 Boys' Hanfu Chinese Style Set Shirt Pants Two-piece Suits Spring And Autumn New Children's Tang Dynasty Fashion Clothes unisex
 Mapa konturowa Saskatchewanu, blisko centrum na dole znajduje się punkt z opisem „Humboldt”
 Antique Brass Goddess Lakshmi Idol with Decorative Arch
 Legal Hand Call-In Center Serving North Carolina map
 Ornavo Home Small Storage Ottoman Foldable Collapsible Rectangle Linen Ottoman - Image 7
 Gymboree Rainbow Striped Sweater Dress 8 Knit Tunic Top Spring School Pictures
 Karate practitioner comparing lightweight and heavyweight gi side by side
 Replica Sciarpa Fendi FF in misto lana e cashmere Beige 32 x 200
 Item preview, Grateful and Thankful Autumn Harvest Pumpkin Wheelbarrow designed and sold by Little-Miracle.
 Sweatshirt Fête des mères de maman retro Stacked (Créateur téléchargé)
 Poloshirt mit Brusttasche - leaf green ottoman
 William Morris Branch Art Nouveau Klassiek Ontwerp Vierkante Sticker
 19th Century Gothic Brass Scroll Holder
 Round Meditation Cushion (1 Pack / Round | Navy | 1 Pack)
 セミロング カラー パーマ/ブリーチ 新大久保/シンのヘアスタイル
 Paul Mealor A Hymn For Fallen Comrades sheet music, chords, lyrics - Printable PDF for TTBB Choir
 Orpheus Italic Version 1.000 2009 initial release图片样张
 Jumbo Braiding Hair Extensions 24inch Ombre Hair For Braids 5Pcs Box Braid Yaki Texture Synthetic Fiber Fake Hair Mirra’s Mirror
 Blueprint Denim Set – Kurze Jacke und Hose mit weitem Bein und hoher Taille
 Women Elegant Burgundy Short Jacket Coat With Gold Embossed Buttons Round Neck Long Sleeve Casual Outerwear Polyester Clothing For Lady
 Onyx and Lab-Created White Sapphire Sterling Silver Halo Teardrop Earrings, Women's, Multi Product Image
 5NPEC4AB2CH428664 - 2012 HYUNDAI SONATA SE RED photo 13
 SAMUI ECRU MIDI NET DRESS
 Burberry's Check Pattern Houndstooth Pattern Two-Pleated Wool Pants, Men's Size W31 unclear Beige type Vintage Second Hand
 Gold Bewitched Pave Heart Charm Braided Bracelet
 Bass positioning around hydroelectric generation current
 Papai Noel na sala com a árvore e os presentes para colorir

━━━━━━━━━━━━━━━━━━━━━━━━━━━━━━

### [Work request]
Here, the lines to copy run from the one containing "Orpheus Italic Version" to the final line of the listing; copy them exactly and nothing else.

### [Output]
 Orpheus Italic Version 1.000 2009 initial release图片样张
 Jumbo Braiding Hair Extensions 24inch Ombre Hair For Braids 5Pcs Box Braid Yaki Texture Synthetic Fiber Fake Hair Mirra’s Mirror
 Blueprint Denim Set – Kurze Jacke und Hose mit weitem Bein und hoher Taille
 Women Elegant Burgundy Short Jacket Coat With Gold Embossed Buttons Round Neck Long Sleeve Casual Outerwear Polyester Clothing For Lady
 Onyx and Lab-Created White Sapphire Sterling Silver Halo Teardrop Earrings, Women's, Multi Product Image
 5NPEC4AB2CH428664 - 2012 HYUNDAI SONATA SE RED photo 13
 SAMUI ECRU MIDI NET DRESS
 Burberry's Check Pattern Houndstooth Pattern Two-Pleated Wool Pants, Men's Size W31 unclear Beige type Vintage Second Hand
 Gold Bewitched Pave Heart Charm Braided Bracelet
 Bass positioning around hydroelectric generation current
 Papai Noel na sala com a árvore e os presentes para colorir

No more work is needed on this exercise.